→ **What you need to do**:
Leave the images aside and repeat the whole listing exactly.
[Recorded information Boundary: Start]
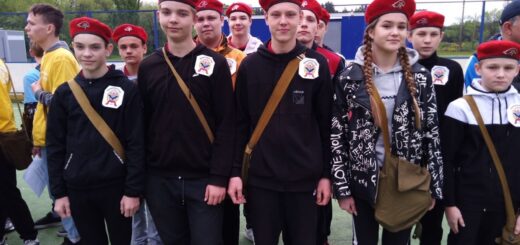 ГБОУ СОШ №2 г. Сызрани | Итоги школьного этапа           ВСИ ШСК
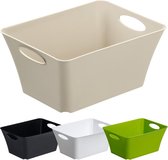 Rotho opbergbox LIVING 5,0 l (30 x 22 x 14 cm) groen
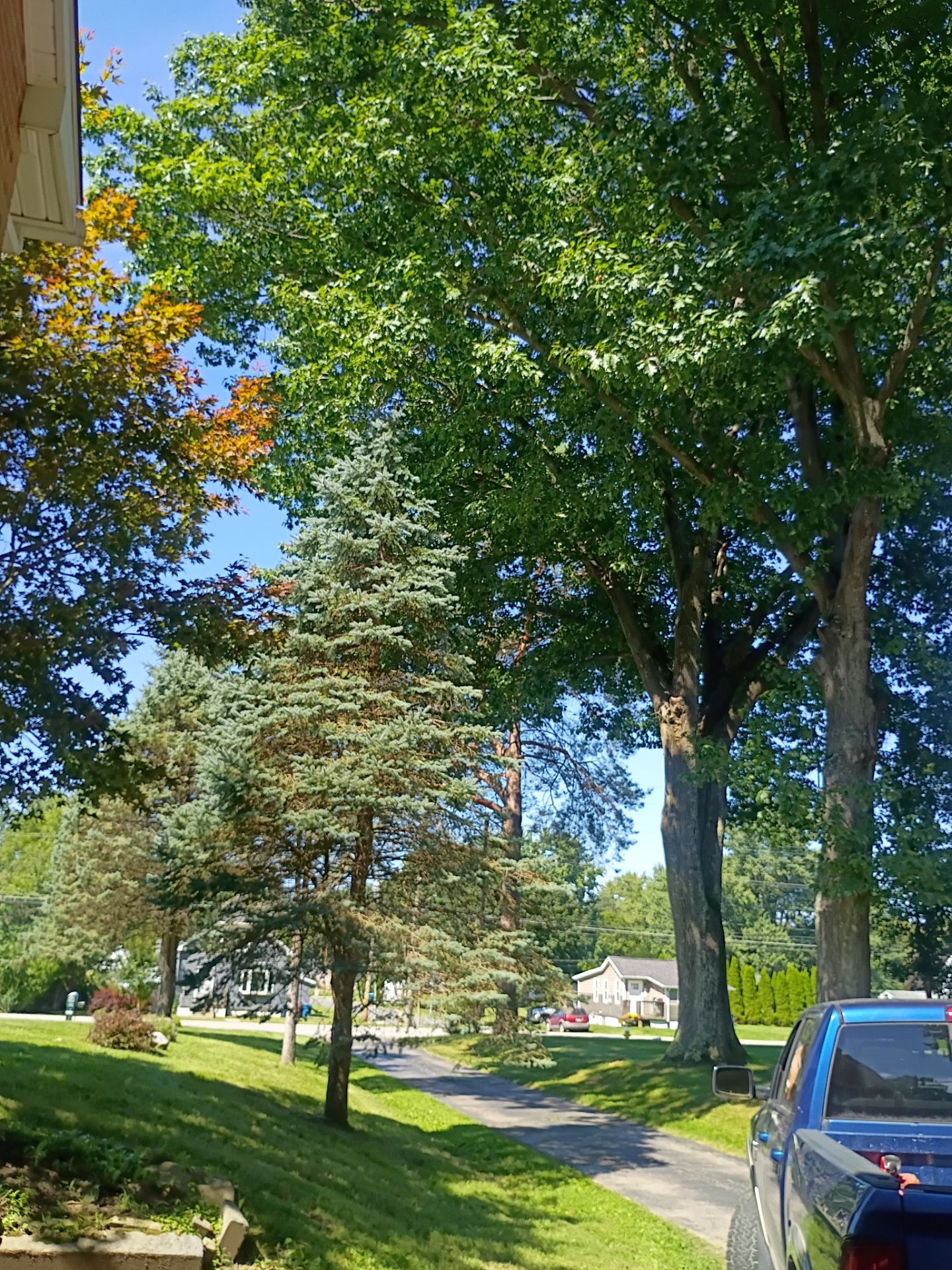Tree Trimming & Tree Removal in Akron Ohio by Mike Jones & Sons Tree Service LLC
[Recorded information Boundary: End]
→ **Your solution**:
 ГБОУ СОШ №2 г. Сызрани | Итоги школьного этапа           ВСИ ШСК
 Rotho opbergbox LIVING 5,0 l (30 x 22 x 14 cm) groen
Tree Trimming & Tree Removal in Akron Ohio by Mike Jones & Sons Tree Service LLC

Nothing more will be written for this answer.